Every line of the listing below is to be duplicated exactly, with the pictures left out.

====== Excerpted data

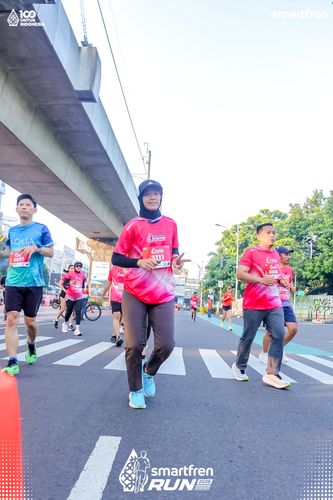 Race photo from Smartfren Run 2025 
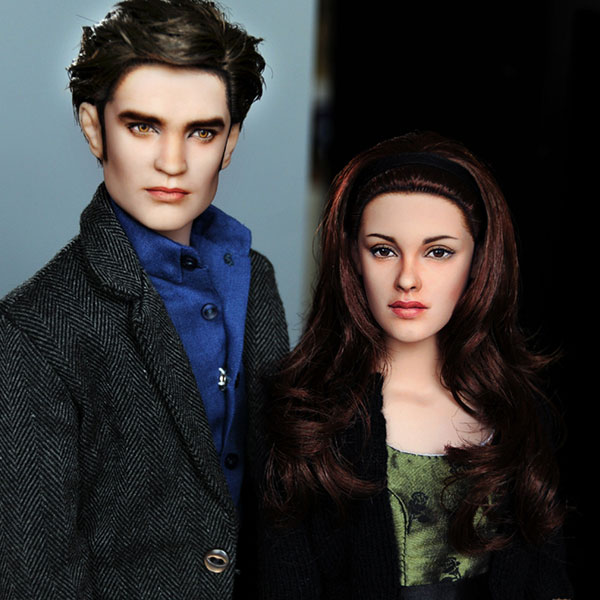 Eward Cullen and Bella Swan custom dolls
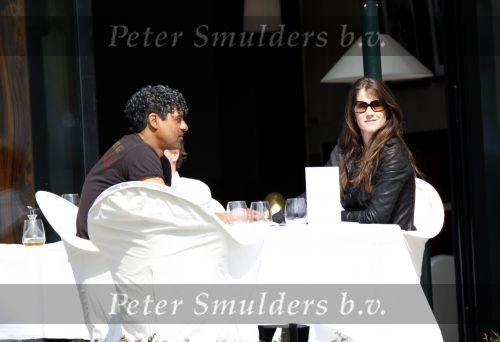 Amsterdam 13 april 2009
Frank Rijkaard met zijn nieuwe vriendin Stephanie Fransen. Ze vertrekken bij zijn nieuwe huis en gaan lunchen bij het Hilton hotel.
Peter Smulders bv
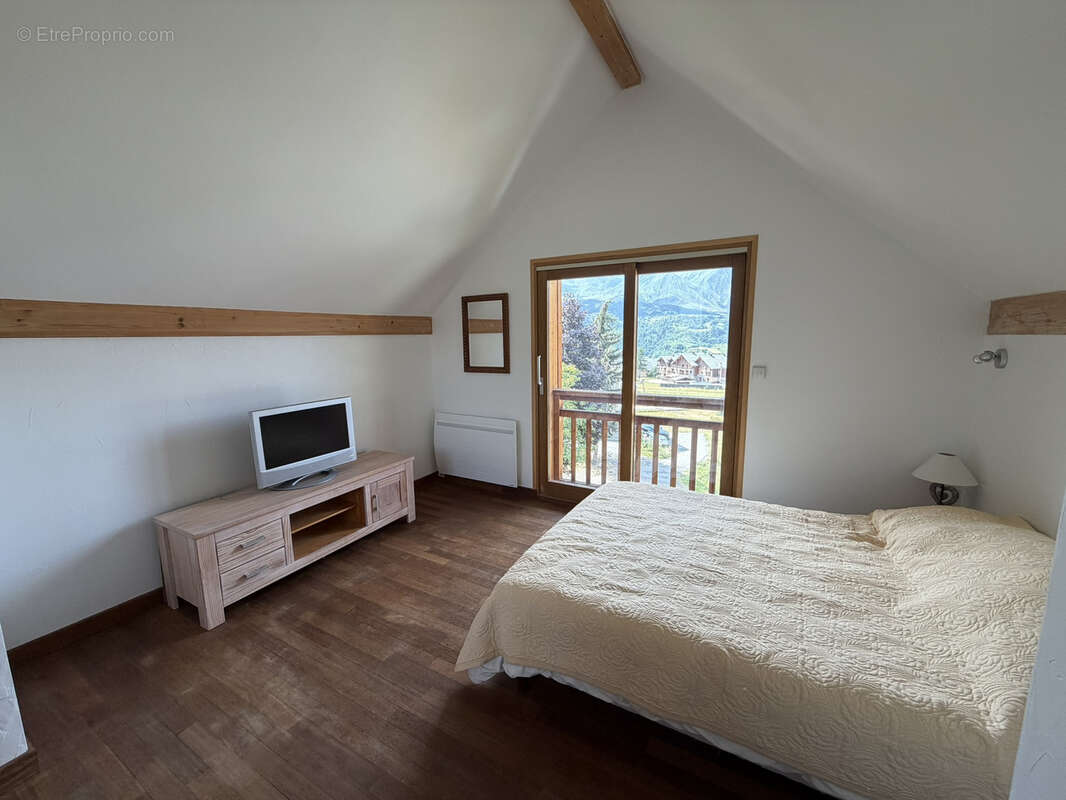 Emplacement idéal pour ce chalet au pied des pistes de ski ! - photo 21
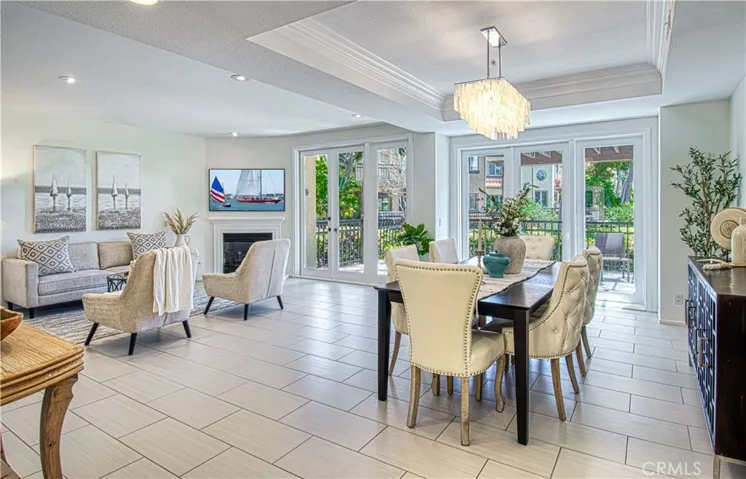 407 Bay Hill Drive, Newport Beach, California 92660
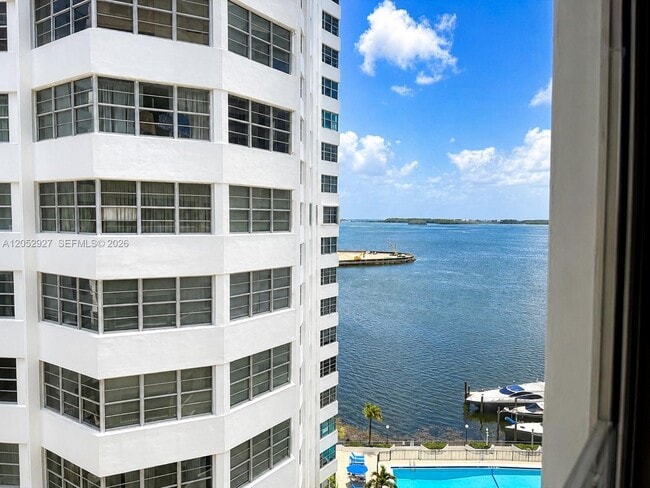 Building Photo - 825 Brickell Bay Dr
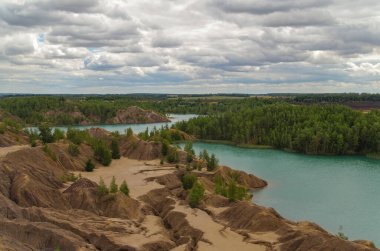 Terk edilmiş eski Ushakovsky taş ocaklarının eşsiz yaz manzarası. Turkuaz mavisi göl suyu. Rusya 'nın vahşi doğası. Tula Oblastı, Konduki, Romantsevskiye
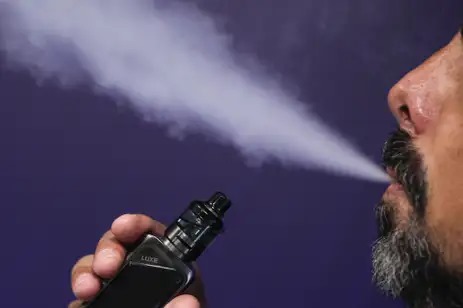 Ir para  <p><big>A campanha Agosto Branco, iniciada nesta quinta-feira (1&ordm;), objetiva a conscientiza&ccedil;&atilde;o do c&acirc;ncer de pulm&atilde;o. As estimativas de c&acirc;ncer de traqueia, br&ocirc;nquio...
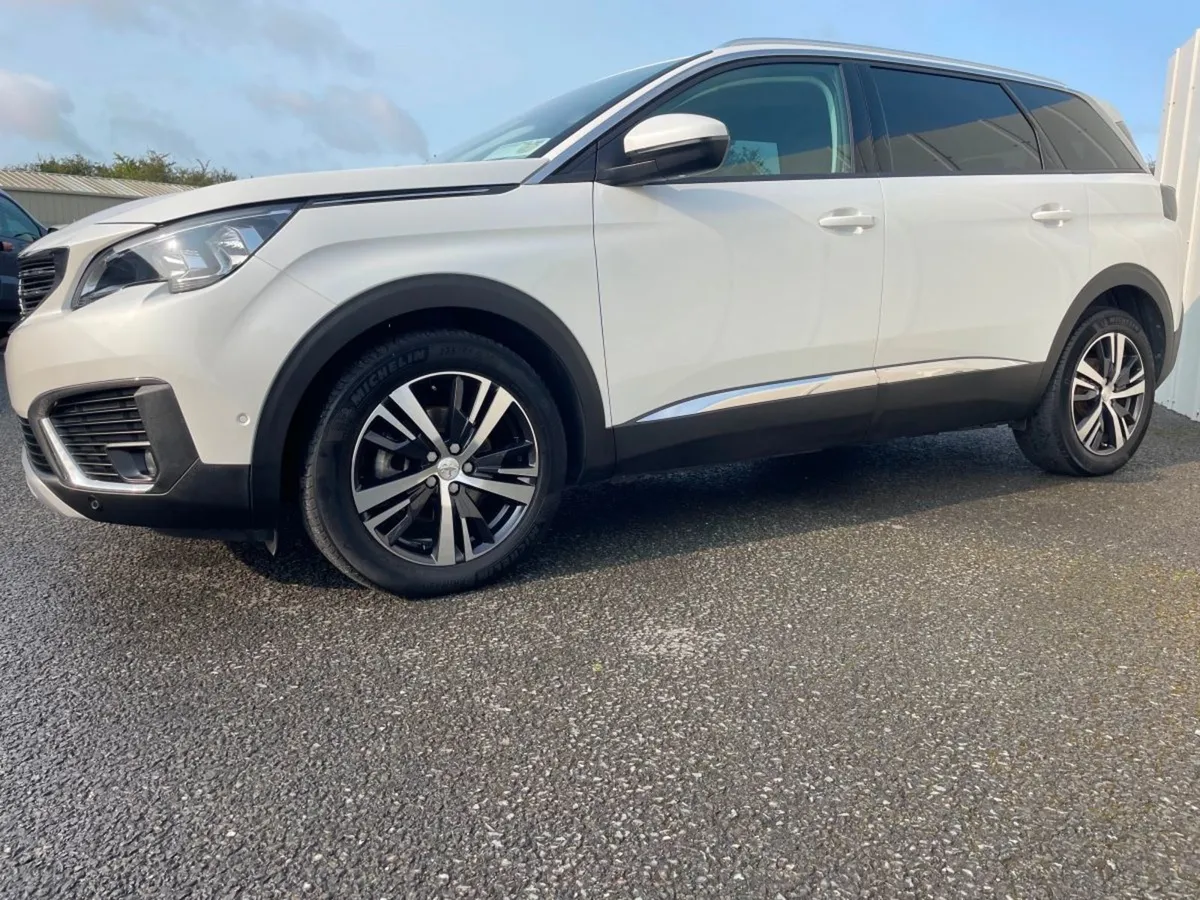 Peugeot 5008 1.2 Puretech 130bhp Allure - Image 2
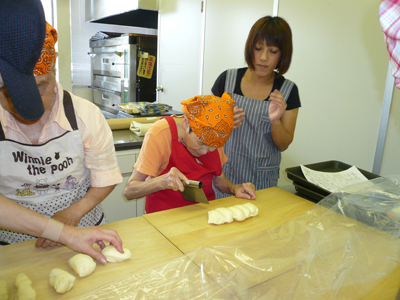施設間交流でパン作り!_a0154110_16482613.jpg
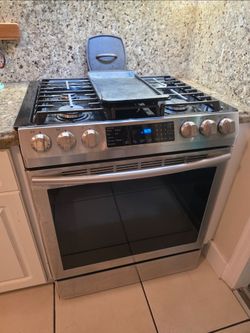 SAMSUNG 30" SLIDE-IN GAS RANGE, CONVECTION OVEN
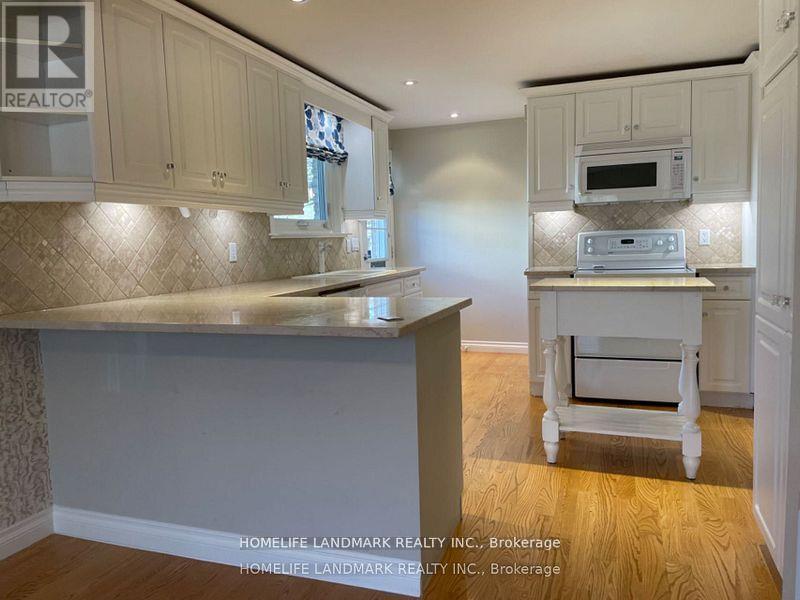 211 Chebucto Drive, Oakville, Ontario  L6J 5R1 - Photo 9 - W13074700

============

Output for this exercise:
 Race photo from Smartfren Run 2025 
 Eward Cullen and Bella Swan custom dolls
 Amsterdam 13 april 2009
Frank Rijkaard met zijn nieuwe vriendin Stephanie Fransen. Ze vertrekken bij zijn nieuwe huis en gaan lunchen bij het Hilton hotel.
Peter Smulders bv
 Emplacement idéal pour ce chalet au pied des pistes de ski ! - photo 21
 407 Bay Hill Drive, Newport Beach, California 92660
 Building Photo - 825 Brickell Bay Dr
 Terk edilmiş eski Ushakovsky taş ocaklarının eşsiz yaz manzarası. Turkuaz mavisi göl suyu. Rusya 'nın vahşi doğası. Tula Oblastı, Konduki, Romantsevskiye
 Ir para  <p><big>A campanha Agosto Branco, iniciada nesta quinta-feira (1&ordm;), objetiva a conscientiza&ccedil;&atilde;o do c&acirc;ncer de pulm&atilde;o. As estimativas de c&acirc;ncer de traqueia, br&ocirc;nquio...
 Peugeot 5008 1.2 Puretech 130bhp Allure - Image 2
施設間交流でパン作り!_a0154110_16482613.jpg
 SAMSUNG 30" SLIDE-IN GAS RANGE, CONVECTION OVEN
 211 Chebucto Drive, Oakville, Ontario  L6J 5R1 - Photo 9 - W13074700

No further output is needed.